Frustrated by the fragility, wastefulness and high cost of traditional prescription glasses, Dresden Vision co-founder Bruce Jeffreys set about reinventing how prescription glasses are made.
Traditional manufacturing processes and supply chains didn’t support Dresden’s goal to create affordable, high-quality frames from sustainable materials, so they started from scratch. Supported by a Cooperative Research Centre Projects (CRC-P) grant, Dresden worked with a range of industry partners and the University of New South Wales Sustainable Materials Research & Technology (SMaRT) program to develop a unique injection system that can produce high-quality frames using recycled and recyclable plastics more cheaply than using virgin plastics.
Now the only mass producer of prescription eyewear in Australia, Dresden’s closed-loop system transforms shampoo bottles, discarded fishing nets and even plastic banknotes into high-quality eyewear. Their products are being retailed in Australia, New Zealand and Canada, competing with the world’s major brands on quality and price.

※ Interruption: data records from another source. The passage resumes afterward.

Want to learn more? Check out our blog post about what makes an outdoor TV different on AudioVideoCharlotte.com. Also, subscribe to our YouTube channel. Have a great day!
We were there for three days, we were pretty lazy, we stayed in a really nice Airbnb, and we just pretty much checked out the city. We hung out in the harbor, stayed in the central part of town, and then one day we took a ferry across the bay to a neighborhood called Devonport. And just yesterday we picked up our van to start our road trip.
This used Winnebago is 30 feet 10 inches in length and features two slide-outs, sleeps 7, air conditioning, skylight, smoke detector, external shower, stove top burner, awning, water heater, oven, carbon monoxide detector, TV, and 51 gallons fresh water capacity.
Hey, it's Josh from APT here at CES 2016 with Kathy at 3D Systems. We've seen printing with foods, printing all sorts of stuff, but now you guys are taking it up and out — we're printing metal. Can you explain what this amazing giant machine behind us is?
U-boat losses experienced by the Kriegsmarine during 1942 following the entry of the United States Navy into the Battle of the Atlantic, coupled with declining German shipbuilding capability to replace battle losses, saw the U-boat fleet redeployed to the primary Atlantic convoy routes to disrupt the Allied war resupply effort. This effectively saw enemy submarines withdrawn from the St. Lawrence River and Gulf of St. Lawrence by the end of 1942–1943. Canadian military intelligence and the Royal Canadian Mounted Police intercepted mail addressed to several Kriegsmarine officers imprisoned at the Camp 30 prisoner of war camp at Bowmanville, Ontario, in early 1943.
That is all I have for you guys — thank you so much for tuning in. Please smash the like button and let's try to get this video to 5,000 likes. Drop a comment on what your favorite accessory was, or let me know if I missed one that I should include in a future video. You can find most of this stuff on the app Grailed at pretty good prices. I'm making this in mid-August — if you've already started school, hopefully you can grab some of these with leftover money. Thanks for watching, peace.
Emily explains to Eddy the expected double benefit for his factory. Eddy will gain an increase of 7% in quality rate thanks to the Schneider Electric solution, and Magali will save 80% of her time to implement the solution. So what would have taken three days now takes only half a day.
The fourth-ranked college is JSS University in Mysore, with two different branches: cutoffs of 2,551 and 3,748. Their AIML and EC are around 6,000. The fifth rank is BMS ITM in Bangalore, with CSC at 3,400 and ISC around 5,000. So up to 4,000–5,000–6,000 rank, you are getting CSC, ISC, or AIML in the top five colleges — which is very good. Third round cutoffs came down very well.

“As an Australian manufacturer, we think sustainability is a critical competitive edge. The current product is so wasteful; for us, sustainability is a core part of how an Australian manufacturer differentiates themselves in a busy global market. Projects like ours are a great example of combining traditional skills with new digital skills to reinvent a product.” says Bruce Jeffreys, Co-founder of Dresden Vision.